Because the time pattern in the Atlantic hurricane basin is not a linear trend the results look more impressive. But Kerry Emanuel is looking for the confirmation of a universal principle. It has to work in all basins. If it only works in one basin then the result is likely a fluke. Given the way the double smoothing operations distorts the analysis there is no telling what is involved.

The upswing at the end of the interval is possibly due to the impact of the El Niño event of 1998. This may have influenced the sea surface temperature and the number of hurricanes and typhoons. The double smoothing operation smudged the El Niño effects over a number of years at the end of the observation period.

The visual correlations in these graphs is no greater than the example of the correlation induced in purely random series by Kerry Emanuel's double smoothing operation. Thus Kerry Emanuel's graphs do not constitute confirmation of his theories.

It would have been helpful if Kerry Emanuel had displayed scatter diagrams of his power dissipation index versus the sea surface temperature. However that in itself would not have been decisive. Observe what the data for the doubly smoothed random variables with trends looks like.

This still looks like there is a relationship between the two variables. The only relationship comes from both having a trend and both being subjected to the double smoothing process. The true state of the relationship between the two variables is revealed only when the deviations for the trends are displayed, as below.

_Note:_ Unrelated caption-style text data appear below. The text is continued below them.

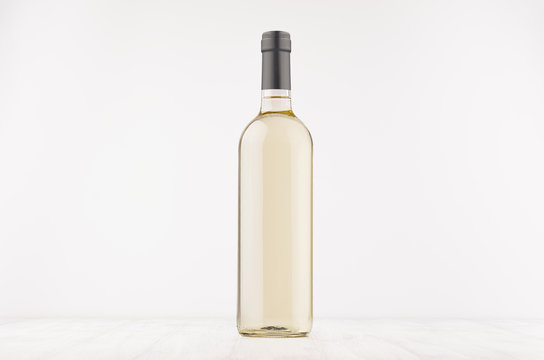 Fototapeta Transparent wine bottle with white wine on white wooden board, mock up. Template for advertising, design, branding identity.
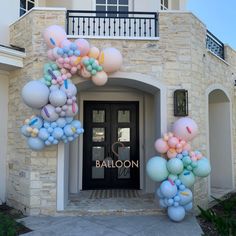 an entrance to a building with balloons all over the front and side door, along with a sign that says balloon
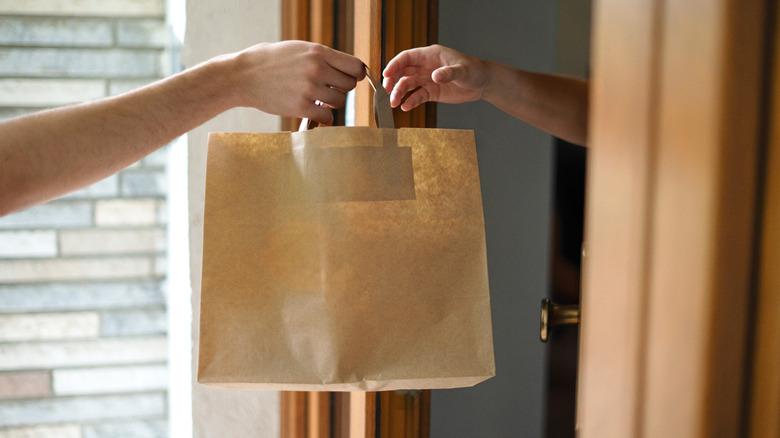 a person handing a bag of food to someone at their doorway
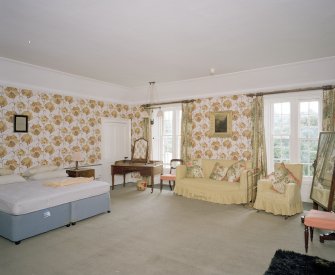Interior.  Second floor. Principal guest bedroom with dramatic floral wallpaper.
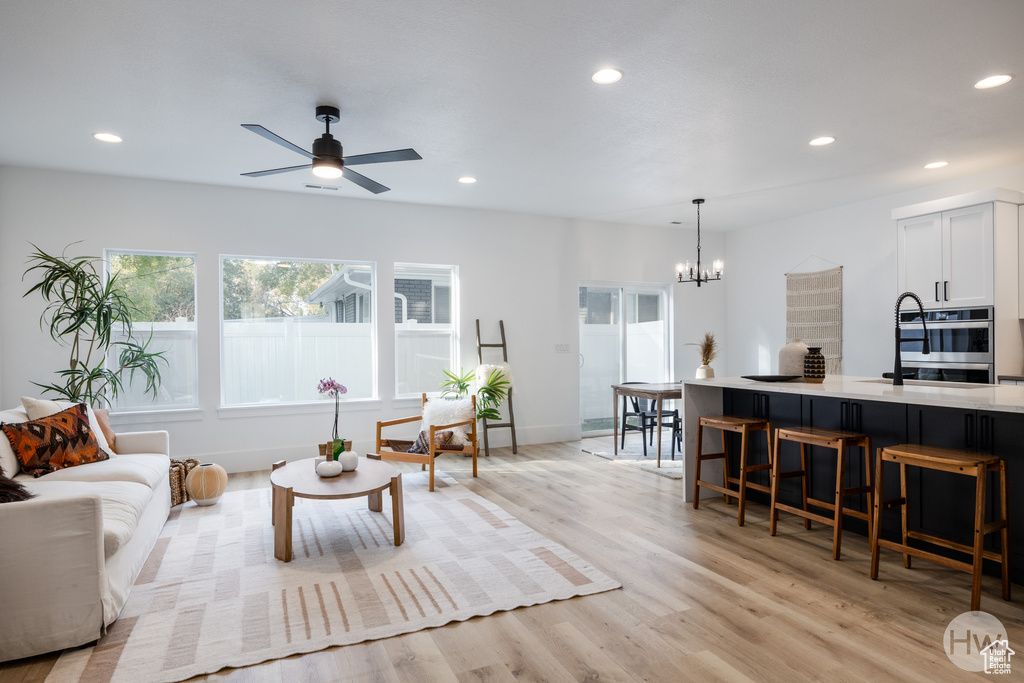 Living room featuring ceiling fan with notable chandelier and light wood-type flooring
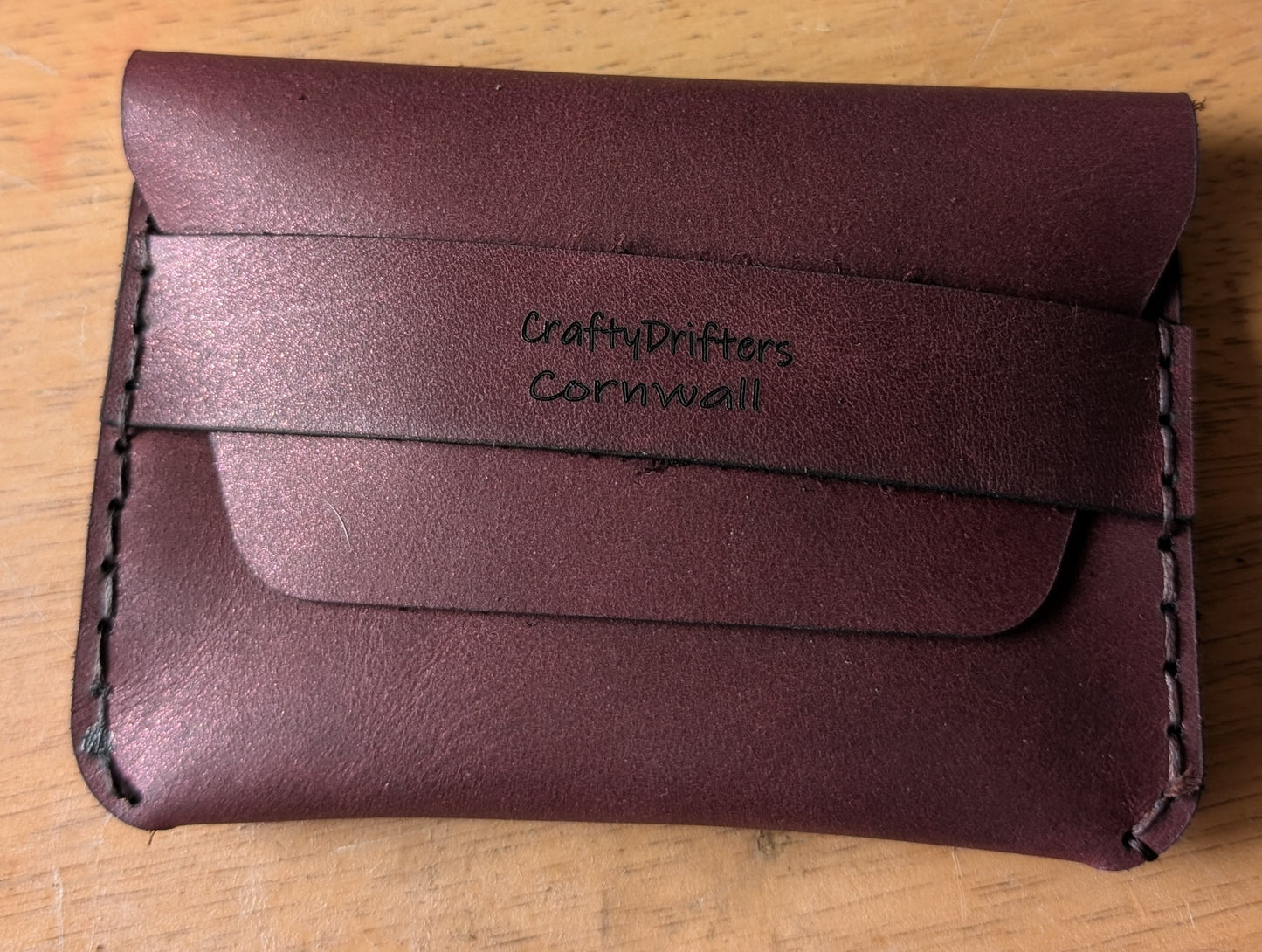 Minimalist leather Card Holder with tuck flap in Mettallic Red Leather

The conclusion is that Kerry Emanuel misled the general public as to the confirmation of his theory by several aspects of the form of its presentation. Unfortunately the general public treats any presentation by an ordained scientist as the gospel truth. Such is not the case. Kerry Emanuel's analysis in the late 1980's implying an increase in storm intensity, meaning wind speed, with an increase in sea surface temperature has not been confirmed. An extension of the notion of storm intensity to include duration is a legitimate area for empirical research but it is doubtful that storm duration can be tied to Kerry Emanuel's original analysis.